Rückenproblemen vorbeugen: Wandern, Spazierengehen, Walken

Gibt es Sportarten, die besonders gut für den Rücken sind?
Ursprünglich sind wir als Menschen zum Gehen gebaut, auch die Bandscheiben sind darauf ausgelegt und brauchen die dabei entstehende Stoßbewegung für die Versorgung. Gehe ich jetzt beispielsweise extrem viel Radfahren, am besten auch noch in einer sportlichen Position, dann habe ich eine sehr gebogene Wirbelsäulenposition, was nicht so gut ist. Oft wird gesagt: Gehen Sie schwimmen. Das entlastet den Rücken, ja, aber je mehr ich entlaste, desto schwächer werden die Strukturen. Wandern, Spazierengehen, Walken - alles, was diese uns angeborene Fortbewegungsart ist, ist am besten.

Und für die tiefe Rückenmuskulatur?
Hierfür ist alles gut, was mit Gleichgewicht zu tun hat. Zum Beispiel auf Wanderwegen unterwegs sein, wo Wurzelwerk den Boden säumt. Oder, moderner, auf einer Slackline balancieren.

Wie hilfreich ist Yoga?

Auch im Yoga, was ja sehr beliebt ist seit geraumer Zeit, ist Balance ein Thema.
Da geht es um die Mobilisierung des gesamten Körpers und der gesamten Wirbelsäule, was oftmals noch wichtiger ist als das Kräftigen. Das merke ich in der Therapie gerade bei älteren Leuten, die noch eine sehr gute Haltung haben: Die machen oft Yoga oder Ähnliches. Das hilft.

Wenn man akute Schmerzen hat - was hilft dann? Eine Wärmflasche und Abwarten?
Wenn jede Bewegung wehtut, ist Wärme gut, weil sie den Muskel entspannt und die Durchblutung fördert. Sobald es geht, ist Bewegung aber fast immer besser. Gehen geht eigentlich immer und lindert meist den Schmerz. Und: nicht aussitzen und es als "normal" abtun.
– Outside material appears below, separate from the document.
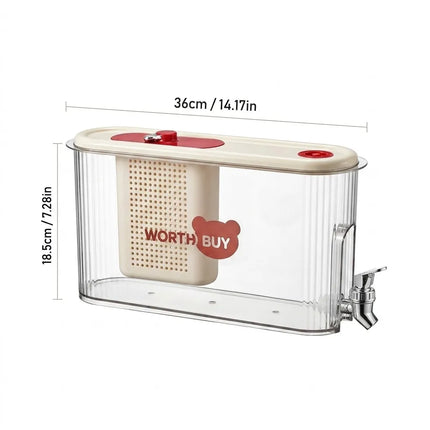 4L Transparent  Plastic Water Kettle Refrigerator Juice Beverage Container Large Capacity Cold Water Jug With Faucet & Filter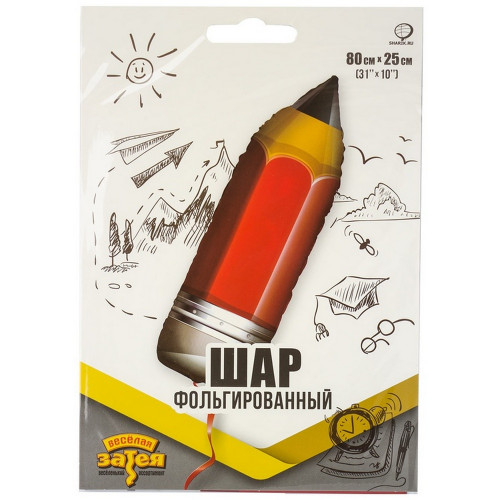 Фольгированная фигура с гелием -  Карандаш (80 см)  + грузик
Begegnet Ihnen diese Meinung öfter?
Ja, das ist erschreckend. Das hat sich so eingebürgert, weil eben so viele Rückenbeschwerden haben. Dann scheint das normal zu sein - ist es aber nicht. Kein Schmerz ist normal. Man sollte frühzeitig dagegen angehen und einen Arzt aufsuchen. Der schickt einen ja nicht gleich unters Messer. Es geht darum, das Ganze mit Training anzugehen.

Lässt sich dadurch viel im Keim ersticken?
Wir kriegen schon sehr viel hin. Und sehr viel ist vermeidbar, wenn ich einfach mehr Bewegung in meinen Alltag bringe. So viel, wie es nur geht.